Theresa: Seattle has definitely made its mark on the music map with popular rock bands in the past such as, Nirvana, Pearl Jam and so forth.  However, it seems like now a days, Seattle is saturated with musicians and also electronic DJs that are categorized as musicians.  This isn’t a bad thing, but its a little more challenging to be heard.

 

Adam: I love how many big bands/artists, that have been so influential, have come out of Seattle. Hendricks, Nirvana, Pearl Jam, Macklemore… and don’t forget Quincy Jones!

 

Q:  What would you change about it?

 

Theresa: There are so many Seattle musicians and bands, but very few venues around the great Seattle area.  That said it is harder to get venues to want to play local acts unless you are already popular in the music scene.  From a business stand point, it makes a lot of sense to focus and showcase artists from around the country that bring in money.  However it does not promote or support local acts as first priority.

 

Adam:  it would be great to have some more comradery with bands/venues working together to really highlight the local music. There’s pockets of it here and there.
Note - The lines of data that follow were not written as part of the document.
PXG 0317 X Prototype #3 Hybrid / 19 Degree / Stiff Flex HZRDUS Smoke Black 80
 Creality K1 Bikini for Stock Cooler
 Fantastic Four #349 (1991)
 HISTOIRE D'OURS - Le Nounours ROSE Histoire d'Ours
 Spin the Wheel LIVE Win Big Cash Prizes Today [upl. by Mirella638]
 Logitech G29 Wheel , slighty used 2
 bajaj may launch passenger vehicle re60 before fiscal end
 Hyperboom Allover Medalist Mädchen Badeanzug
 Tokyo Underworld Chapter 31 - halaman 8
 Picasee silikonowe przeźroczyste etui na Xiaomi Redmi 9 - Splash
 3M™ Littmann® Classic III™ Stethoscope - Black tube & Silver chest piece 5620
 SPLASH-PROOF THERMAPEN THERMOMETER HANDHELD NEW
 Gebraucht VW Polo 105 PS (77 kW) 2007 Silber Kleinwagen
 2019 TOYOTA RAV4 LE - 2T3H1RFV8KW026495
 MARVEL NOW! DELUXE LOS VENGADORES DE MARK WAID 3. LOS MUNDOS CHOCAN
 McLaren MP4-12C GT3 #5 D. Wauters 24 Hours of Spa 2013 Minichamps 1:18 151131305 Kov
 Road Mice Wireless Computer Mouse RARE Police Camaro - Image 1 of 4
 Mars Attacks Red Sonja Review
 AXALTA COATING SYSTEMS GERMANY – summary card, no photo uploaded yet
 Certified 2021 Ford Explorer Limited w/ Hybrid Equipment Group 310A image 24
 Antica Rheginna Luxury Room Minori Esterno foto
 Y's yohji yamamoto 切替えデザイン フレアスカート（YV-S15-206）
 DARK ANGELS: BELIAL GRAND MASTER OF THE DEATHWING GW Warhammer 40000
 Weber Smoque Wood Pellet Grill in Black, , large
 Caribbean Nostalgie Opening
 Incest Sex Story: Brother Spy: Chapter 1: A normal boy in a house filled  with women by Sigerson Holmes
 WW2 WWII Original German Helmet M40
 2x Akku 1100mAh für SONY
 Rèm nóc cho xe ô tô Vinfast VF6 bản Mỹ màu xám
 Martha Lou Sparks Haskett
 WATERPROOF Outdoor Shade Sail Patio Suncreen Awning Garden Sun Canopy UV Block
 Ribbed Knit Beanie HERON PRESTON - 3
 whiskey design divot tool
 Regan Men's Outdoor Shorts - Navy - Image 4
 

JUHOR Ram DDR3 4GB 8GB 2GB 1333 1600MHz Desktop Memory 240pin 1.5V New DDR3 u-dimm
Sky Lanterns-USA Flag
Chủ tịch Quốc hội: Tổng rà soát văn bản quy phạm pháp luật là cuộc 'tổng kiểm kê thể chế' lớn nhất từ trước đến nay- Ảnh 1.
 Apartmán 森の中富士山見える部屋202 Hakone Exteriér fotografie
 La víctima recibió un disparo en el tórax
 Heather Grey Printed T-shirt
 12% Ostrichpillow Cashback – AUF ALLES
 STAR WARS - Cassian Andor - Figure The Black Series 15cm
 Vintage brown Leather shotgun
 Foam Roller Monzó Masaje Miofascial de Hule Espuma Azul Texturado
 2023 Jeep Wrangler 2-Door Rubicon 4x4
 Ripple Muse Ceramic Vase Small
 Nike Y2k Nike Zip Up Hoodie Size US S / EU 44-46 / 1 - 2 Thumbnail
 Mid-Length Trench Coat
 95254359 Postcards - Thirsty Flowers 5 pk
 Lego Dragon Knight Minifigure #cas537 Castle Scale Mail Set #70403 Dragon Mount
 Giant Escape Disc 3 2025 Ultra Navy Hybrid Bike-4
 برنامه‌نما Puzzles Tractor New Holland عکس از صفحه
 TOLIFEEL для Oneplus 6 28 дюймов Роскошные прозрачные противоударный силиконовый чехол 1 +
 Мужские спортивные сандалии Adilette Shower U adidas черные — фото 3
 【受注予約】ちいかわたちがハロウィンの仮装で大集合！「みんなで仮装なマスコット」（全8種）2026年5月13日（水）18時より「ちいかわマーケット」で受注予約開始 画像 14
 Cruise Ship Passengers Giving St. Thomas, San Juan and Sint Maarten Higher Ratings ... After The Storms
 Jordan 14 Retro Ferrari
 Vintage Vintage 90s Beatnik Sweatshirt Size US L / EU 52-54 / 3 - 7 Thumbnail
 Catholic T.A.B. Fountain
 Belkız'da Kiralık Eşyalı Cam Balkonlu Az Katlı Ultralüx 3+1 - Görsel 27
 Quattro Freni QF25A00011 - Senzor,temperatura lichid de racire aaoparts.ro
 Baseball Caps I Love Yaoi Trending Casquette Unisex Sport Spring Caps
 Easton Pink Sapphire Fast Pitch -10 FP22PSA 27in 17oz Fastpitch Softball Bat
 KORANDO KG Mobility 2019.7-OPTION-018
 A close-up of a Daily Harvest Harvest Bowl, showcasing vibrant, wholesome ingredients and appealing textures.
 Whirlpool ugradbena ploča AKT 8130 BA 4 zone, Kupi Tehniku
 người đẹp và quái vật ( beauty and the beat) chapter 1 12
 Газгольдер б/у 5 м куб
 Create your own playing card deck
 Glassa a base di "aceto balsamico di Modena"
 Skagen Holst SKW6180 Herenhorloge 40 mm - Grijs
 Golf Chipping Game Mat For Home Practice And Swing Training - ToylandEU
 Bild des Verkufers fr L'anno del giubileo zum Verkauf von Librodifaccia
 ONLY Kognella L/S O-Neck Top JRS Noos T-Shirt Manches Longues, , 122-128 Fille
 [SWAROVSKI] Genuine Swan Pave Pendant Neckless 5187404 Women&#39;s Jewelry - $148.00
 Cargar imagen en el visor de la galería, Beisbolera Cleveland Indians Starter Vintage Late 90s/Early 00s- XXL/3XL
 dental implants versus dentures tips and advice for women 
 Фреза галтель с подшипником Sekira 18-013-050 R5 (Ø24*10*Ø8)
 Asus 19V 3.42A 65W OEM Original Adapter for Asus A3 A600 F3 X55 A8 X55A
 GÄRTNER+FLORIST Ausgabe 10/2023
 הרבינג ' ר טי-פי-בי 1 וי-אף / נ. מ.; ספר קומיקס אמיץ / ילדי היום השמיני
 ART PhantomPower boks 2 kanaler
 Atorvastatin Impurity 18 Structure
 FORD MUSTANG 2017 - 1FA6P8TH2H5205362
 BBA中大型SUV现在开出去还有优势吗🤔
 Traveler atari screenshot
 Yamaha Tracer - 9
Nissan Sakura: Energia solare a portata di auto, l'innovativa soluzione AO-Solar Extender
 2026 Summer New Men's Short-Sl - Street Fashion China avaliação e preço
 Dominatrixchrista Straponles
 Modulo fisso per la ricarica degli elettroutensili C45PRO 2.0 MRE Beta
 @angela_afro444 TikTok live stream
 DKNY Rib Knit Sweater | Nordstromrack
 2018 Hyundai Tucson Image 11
I’d also love to see Alki music fest to come back!

 

Q:  Who is the leader of the band?

 

Theresa: HAHA! I’d say Adam has been a good leader.  He’s more like the glue that holds us together as a band; our point of reference and the one we look to when there is any questions or uncertainties.  We all bring something different and valuable to the band.  Adam has a lot of experience in all areas of music and has the business smarts so he brings a lot to the table.

 

Adam:  I like to think we all do our part. There’s a lot of overlap with the different things we do, but we are a unit that works and moves together and it feels so good to be a part of something where everyone carries their weight and pushes one another to be better!

Please note; Eliza’s interviews are done by email. All answers are unedited and come right from the lovely fingertips of her subjects.